**Exercise brief**
From the line that contains "Кружка цветная Мистическая лиса тотем лисы" down to the last line of the data below, transcribe every line exactly.

[Opening The input section]

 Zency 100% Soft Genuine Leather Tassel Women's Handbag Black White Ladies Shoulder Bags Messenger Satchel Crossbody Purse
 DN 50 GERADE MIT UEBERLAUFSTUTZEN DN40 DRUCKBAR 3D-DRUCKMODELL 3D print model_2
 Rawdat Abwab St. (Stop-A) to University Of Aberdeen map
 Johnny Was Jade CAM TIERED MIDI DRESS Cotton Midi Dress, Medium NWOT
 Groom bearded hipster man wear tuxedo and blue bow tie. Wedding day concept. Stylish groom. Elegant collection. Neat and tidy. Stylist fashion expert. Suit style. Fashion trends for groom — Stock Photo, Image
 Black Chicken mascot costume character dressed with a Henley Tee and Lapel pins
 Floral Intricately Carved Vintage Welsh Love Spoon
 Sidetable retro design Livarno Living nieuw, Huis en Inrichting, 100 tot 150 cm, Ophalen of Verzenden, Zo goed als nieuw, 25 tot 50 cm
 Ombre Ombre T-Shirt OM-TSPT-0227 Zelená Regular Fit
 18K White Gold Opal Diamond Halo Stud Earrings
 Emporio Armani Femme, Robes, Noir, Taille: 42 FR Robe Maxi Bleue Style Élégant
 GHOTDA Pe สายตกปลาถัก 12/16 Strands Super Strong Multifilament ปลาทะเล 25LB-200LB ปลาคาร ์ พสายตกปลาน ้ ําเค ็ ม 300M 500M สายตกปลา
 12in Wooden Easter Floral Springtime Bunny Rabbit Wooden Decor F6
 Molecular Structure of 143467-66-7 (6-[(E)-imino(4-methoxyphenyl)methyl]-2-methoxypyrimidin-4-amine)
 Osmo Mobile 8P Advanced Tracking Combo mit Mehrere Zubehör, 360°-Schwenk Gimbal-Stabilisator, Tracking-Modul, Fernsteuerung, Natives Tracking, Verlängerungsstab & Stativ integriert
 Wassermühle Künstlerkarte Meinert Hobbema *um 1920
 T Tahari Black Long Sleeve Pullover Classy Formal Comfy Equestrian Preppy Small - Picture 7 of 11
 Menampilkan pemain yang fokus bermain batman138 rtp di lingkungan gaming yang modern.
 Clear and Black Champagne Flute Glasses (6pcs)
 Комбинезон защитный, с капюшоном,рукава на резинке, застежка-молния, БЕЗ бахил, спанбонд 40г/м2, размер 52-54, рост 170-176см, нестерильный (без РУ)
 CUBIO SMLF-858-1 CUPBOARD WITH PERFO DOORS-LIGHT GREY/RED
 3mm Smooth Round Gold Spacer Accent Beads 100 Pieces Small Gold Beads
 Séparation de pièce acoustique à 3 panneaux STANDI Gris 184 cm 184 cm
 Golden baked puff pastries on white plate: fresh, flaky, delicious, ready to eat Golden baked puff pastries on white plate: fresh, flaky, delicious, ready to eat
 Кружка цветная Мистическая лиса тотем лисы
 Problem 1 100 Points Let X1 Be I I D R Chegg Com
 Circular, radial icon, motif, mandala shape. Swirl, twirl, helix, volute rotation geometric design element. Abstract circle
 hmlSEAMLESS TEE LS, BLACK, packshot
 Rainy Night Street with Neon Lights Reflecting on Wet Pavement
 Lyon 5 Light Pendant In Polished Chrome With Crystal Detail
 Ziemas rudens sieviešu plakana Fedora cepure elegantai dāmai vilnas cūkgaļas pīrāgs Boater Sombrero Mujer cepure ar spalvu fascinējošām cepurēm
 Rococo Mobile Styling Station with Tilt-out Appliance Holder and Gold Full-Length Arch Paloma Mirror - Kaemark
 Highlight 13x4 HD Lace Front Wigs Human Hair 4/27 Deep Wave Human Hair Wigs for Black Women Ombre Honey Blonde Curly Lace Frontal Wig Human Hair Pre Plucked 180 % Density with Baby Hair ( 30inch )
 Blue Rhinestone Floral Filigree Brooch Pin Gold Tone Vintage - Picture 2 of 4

[Closing The input section]

**Expected answer**
 Кружка цветная Мистическая лиса тотем лисы
 Problem 1 100 Points Let X1 Be I I D R Chegg Com
 Circular, radial icon, motif, mandala shape. Swirl, twirl, helix, volute rotation geometric design element. Abstract circle
 hmlSEAMLESS TEE LS, BLACK, packshot
 Rainy Night Street with Neon Lights Reflecting on Wet Pavement
 Lyon 5 Light Pendant In Polished Chrome With Crystal Detail
 Ziemas rudens sieviešu plakana Fedora cepure elegantai dāmai vilnas cūkgaļas pīrāgs Boater Sombrero Mujer cepure ar spalvu fascinējošām cepurēm
 Rococo Mobile Styling Station with Tilt-out Appliance Holder and Gold Full-Length Arch Paloma Mirror - Kaemark
 Highlight 13x4 HD Lace Front Wigs Human Hair 4/27 Deep Wave Human Hair Wigs for Black Women Ombre Honey Blonde Curly Lace Frontal Wig Human Hair Pre Plucked 180 % Density with Baby Hair ( 30inch )
 Blue Rhinestone Floral Filigree Brooch Pin Gold Tone Vintage - Picture 2 of 4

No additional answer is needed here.